Discounted Cash Flow Model, or popularly known as the DCF Model, is one of the more widely used equity valuation models in the investment industry. The underlying principle behind the DCF valuation model is that a business is worth the present value of its expected future cash flows.
Valuation is both an art and a science. The purpose of the template is to facilitate the user to consider multiple ways to value a business in order to triangulate a reasonable valuation. Don't know much about valuation? Don't worry, this template will guide you through all the factors to consider - just enter your assumptions into the yellow cells and the model will do the rest.
Outputs – contains a summary of valuation results including transaction/M&A (mergers and acquisitions) comparables, Listed company comparables, Net present value, Gordon’s growth model and Balance Sheet valuations. Valuations consider both historical and forecast data as well as demonstrating the valuation in using both annual or monthly data. Also contains a summary of average assumptions for each valuation type. There is also an output that triangulates an average of all methodologies used.
Assumptions – In general settings set up the valuation template by entering the name, units, model timeline start date and forecast date.
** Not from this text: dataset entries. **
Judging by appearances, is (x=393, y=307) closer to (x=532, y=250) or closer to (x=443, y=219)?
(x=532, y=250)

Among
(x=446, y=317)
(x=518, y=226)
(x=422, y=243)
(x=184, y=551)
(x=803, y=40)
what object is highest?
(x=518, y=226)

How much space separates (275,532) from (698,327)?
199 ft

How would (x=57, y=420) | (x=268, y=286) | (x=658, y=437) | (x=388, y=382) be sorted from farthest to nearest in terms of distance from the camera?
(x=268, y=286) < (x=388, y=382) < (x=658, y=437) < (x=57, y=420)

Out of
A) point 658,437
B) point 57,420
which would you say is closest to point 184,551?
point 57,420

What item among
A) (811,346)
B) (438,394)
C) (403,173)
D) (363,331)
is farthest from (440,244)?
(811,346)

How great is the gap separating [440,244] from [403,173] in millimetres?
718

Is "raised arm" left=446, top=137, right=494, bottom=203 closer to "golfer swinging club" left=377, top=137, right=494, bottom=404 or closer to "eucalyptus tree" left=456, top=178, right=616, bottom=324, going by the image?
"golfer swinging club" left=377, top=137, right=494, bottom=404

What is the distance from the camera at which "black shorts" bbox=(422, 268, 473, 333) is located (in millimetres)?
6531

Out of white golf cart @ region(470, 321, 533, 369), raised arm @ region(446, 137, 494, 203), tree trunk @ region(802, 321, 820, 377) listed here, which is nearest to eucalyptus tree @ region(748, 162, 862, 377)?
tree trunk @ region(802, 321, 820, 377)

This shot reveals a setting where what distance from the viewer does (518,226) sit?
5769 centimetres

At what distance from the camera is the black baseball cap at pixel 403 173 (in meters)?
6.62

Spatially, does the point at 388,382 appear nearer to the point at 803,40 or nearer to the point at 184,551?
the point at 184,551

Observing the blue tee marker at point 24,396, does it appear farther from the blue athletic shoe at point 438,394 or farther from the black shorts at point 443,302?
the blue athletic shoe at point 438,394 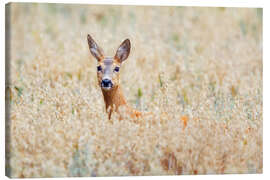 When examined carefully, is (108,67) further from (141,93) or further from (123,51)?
(141,93)

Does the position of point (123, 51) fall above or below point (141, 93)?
above

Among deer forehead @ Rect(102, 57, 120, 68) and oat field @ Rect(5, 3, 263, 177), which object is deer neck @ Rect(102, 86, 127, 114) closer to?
oat field @ Rect(5, 3, 263, 177)

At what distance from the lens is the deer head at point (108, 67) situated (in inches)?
266

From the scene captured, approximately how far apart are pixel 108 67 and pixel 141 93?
1357mm

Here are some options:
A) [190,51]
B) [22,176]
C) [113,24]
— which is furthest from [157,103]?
[113,24]

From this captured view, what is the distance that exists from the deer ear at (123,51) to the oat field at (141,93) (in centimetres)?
55

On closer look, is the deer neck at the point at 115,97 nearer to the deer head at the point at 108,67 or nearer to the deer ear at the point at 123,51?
the deer head at the point at 108,67

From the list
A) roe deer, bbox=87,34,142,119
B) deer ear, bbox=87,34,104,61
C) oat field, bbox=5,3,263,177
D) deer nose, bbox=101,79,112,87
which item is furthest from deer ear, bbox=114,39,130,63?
oat field, bbox=5,3,263,177

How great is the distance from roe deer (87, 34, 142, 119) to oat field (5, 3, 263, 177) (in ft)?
0.46

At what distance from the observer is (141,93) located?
8.08 meters

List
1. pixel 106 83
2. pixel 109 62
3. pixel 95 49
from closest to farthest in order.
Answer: pixel 106 83
pixel 109 62
pixel 95 49

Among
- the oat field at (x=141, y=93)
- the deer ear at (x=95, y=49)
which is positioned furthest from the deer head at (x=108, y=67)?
the oat field at (x=141, y=93)

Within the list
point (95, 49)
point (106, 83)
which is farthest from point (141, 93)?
point (106, 83)

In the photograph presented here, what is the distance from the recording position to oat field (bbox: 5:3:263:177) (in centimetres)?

Tick the boxes to determine which valuation methodologies to consider. We recommend using as many as possible. In 1.2 enter your P&L and Balance Sheet data. You can select to enter both historical and forecast data, and also choose to enter data annually, monthly, or both (as determined by your settings in 1.1). 1.3 enter your comparable transaction data that relates to the company you’re valuing. 1.4 enter your comparable listed company data. We also recommend applying a liquidity discount as your company will likely be privately owned.